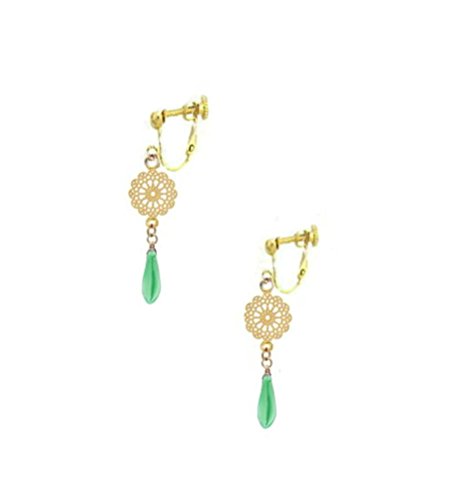 CO [X h ChŐ O[  S[hg[ ANZT[ fB[X CAO (ChŐ)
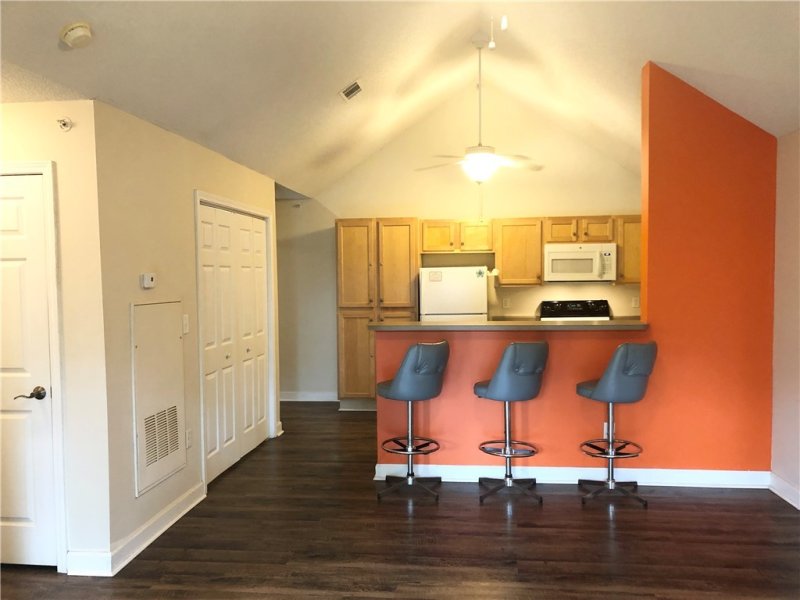 Property image 4 at 633 Harts Cove Way, Seneca, SC 29678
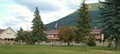 Glacier Park Motel and Campground image 5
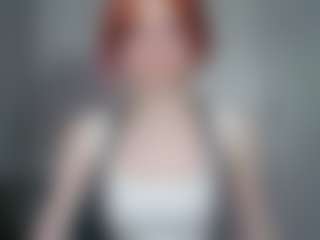 Live cam show with YonBenskin - Young Adult on Fling VIP Chat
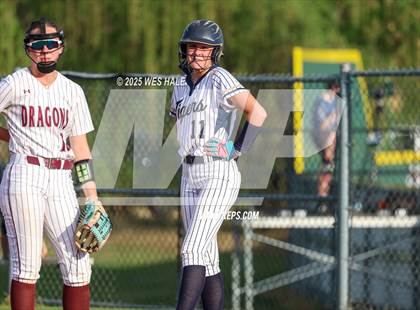 Thumbnail 1 in Collierville @ Arlington photogallery.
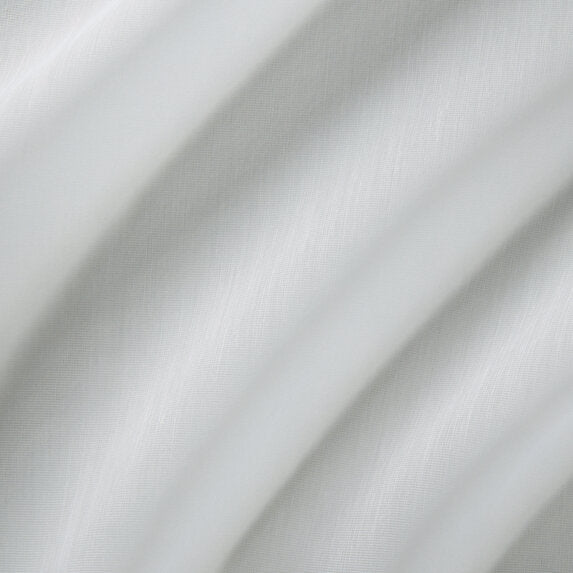 Zimmer + Rohde Aero New FR 980 Fabric Sample 10908980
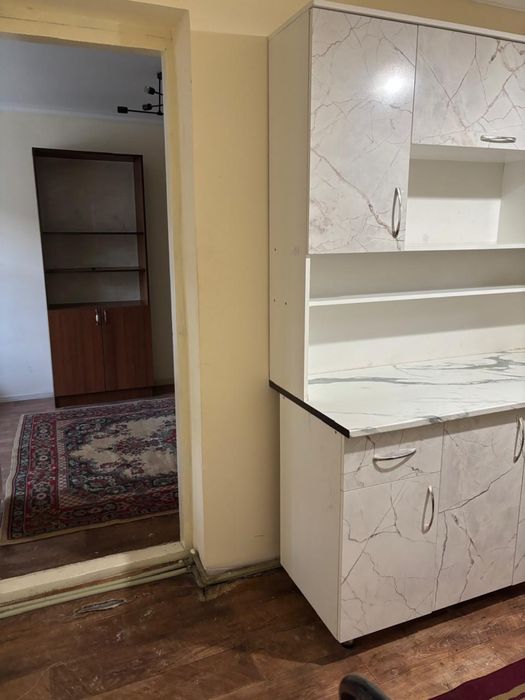 Сдается в аренду времянка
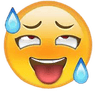 hotggbladee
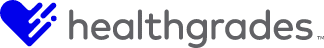 healthgrades@1.2x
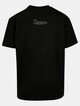 FU Heavy Oversize -3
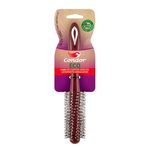 Escova-Cabelo-Condor-Eco-Modelar-Curtos-Finos-E-Lisos-R-6852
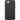 Otterbox Defender Series Series Case For Iphone Se 2Nd Gen 2020 And Iphone 8 7 Not Plus Retail Packaging Black by  – Buy Otterbox Defender Series Series Case For Iphone Se 2Nd Gen 2020 And Iphone 8 7 Not Plus Retail Packaging Black Online at Best Price, Premium Quality Product for Home, Office & Daily Use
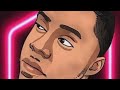 DNA V HOLLOW DA DON CRAZY FACE OFF Url Banned Smack Caffeine Battlerap Resolution Dnagmdw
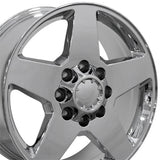 01-CV91B-20085-8180-44C-OE Wheels--20x8.5-Wheel-Image01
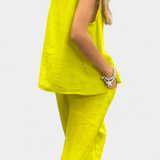 Solveig | Minimalistisk set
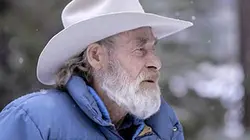 Visuel de Mountain Men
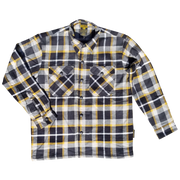Scorpion Covert Flannel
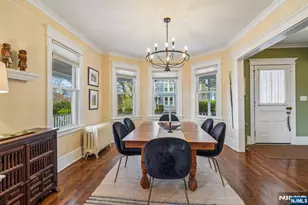 110 Sherman Pl, Maplewood, NJ 07040 - Photo 12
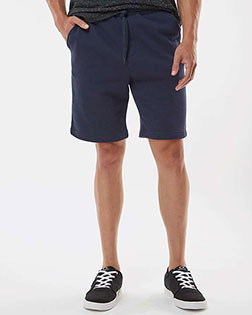 Classic Navy product color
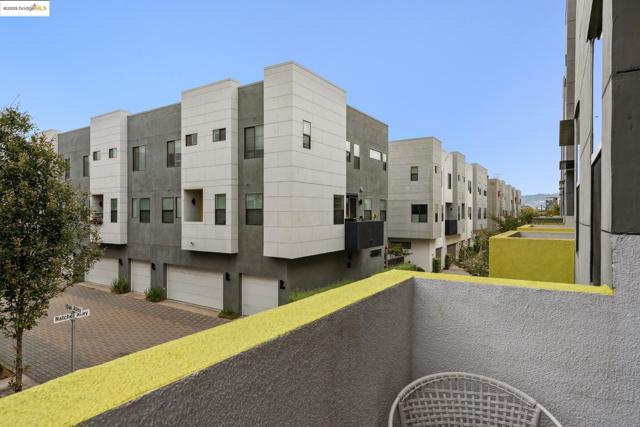 MLS #41111131 image #25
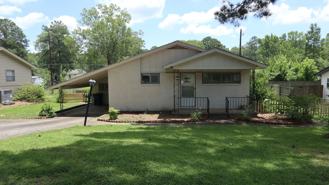 225 Hillmoor Ln #1 - Photo 1 of 1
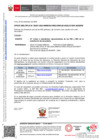 Vista preliminar de documento Oficio Múltiple 457 – 2024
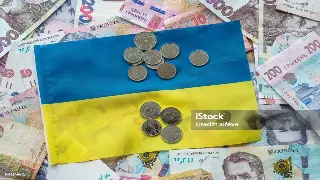 深圳金融业的崛起：改革开放背景下的创新与挑战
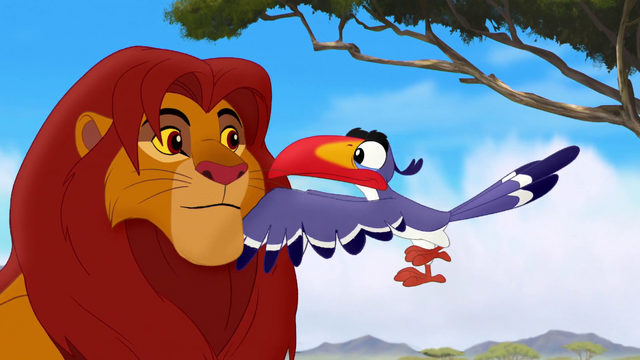 File:Cant-wait-to-be-queen-hd (59).png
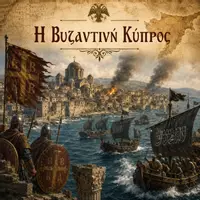 Προεπισκόπηση - Φύλλα εργασίας - Πακέτο υλικού - Σελίδα 1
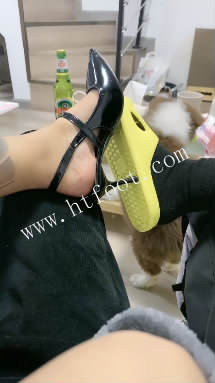 152331pbpuspsqebuq7g4s.jpg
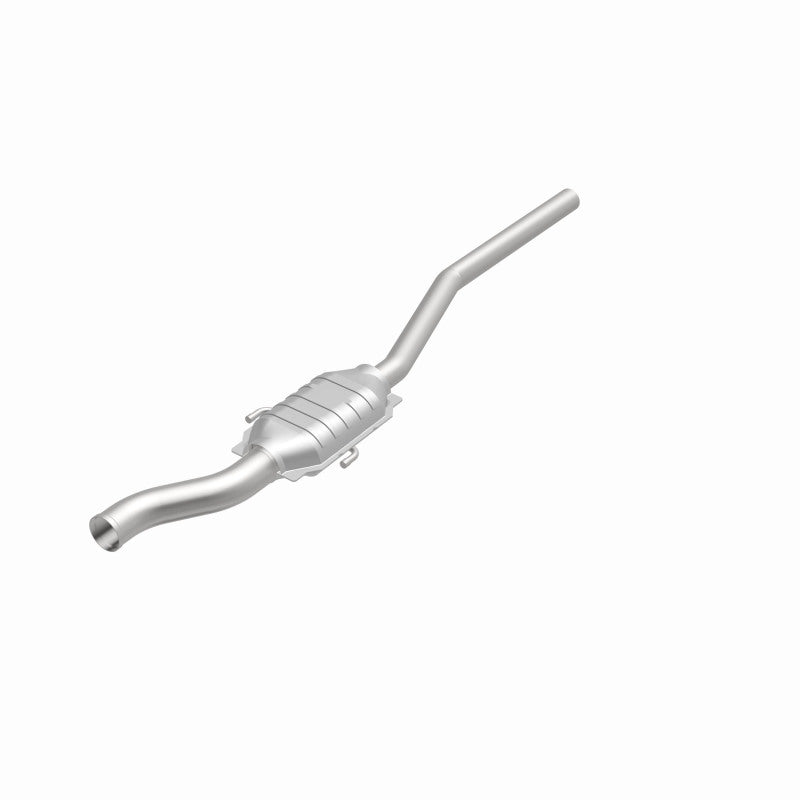 MagnaFlow Conv Direct Fit 79-81 Dodge D150/D200 3.7L Magnaflow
※ ※ ※
*Your instructions:* Could the lines from the first entry through the line that contains "Thumbnail 1 in" be copied exactly, with all pictures left out?

*Your response:*
 CO [X h ChŐ O[  S[hg[ ANZT[ fB[X CAO (ChŐ)
 Property image 4 at 633 Harts Cove Way, Seneca, SC 29678
 Glacier Park Motel and Campground image 5
 Live cam show with YonBenskin - Young Adult on Fling VIP Chat
 Thumbnail 1 in Collierville @ Arlington photogallery.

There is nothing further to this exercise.